_DATASET:_
● ● ● ●
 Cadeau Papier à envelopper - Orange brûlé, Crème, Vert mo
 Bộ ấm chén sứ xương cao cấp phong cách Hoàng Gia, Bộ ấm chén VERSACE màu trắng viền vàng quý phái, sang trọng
● ● ● ●
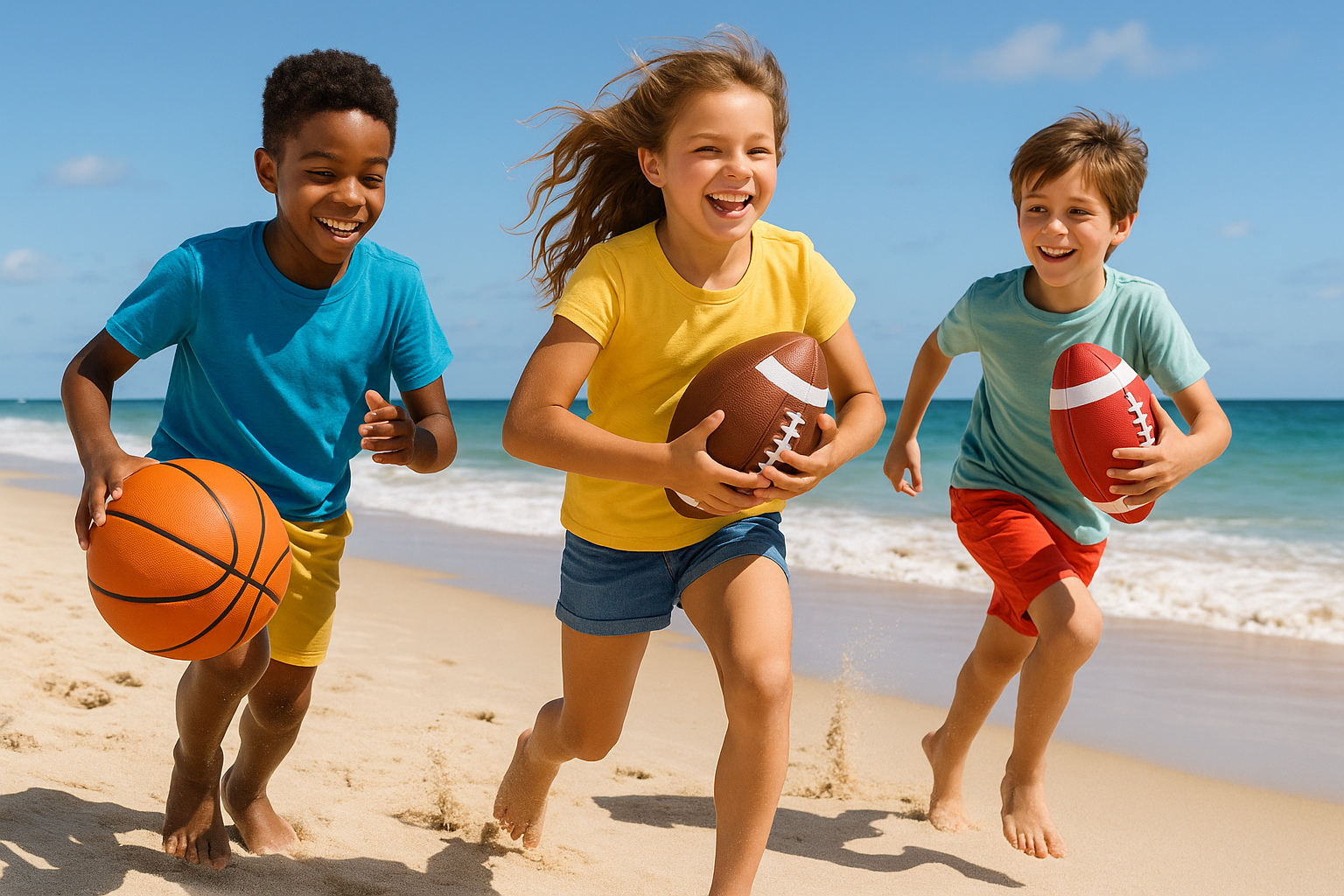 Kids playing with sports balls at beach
● ● ● ●
_WORK REQUEST:_ From the records above, copy only the lines starting with the line that holds "Cadeau Papier à" and going on through the line that holds "Bộ ấm chén sứ", exactly as written.

_WRITTEN SOLUTION:_
 Cadeau Papier à envelopper - Orange brûlé, Crème, Vert mo
 Bộ ấm chén sứ xương cao cấp phong cách Hoàng Gia, Bộ ấm chén VERSACE màu trắng viền vàng quý phái, sang trọng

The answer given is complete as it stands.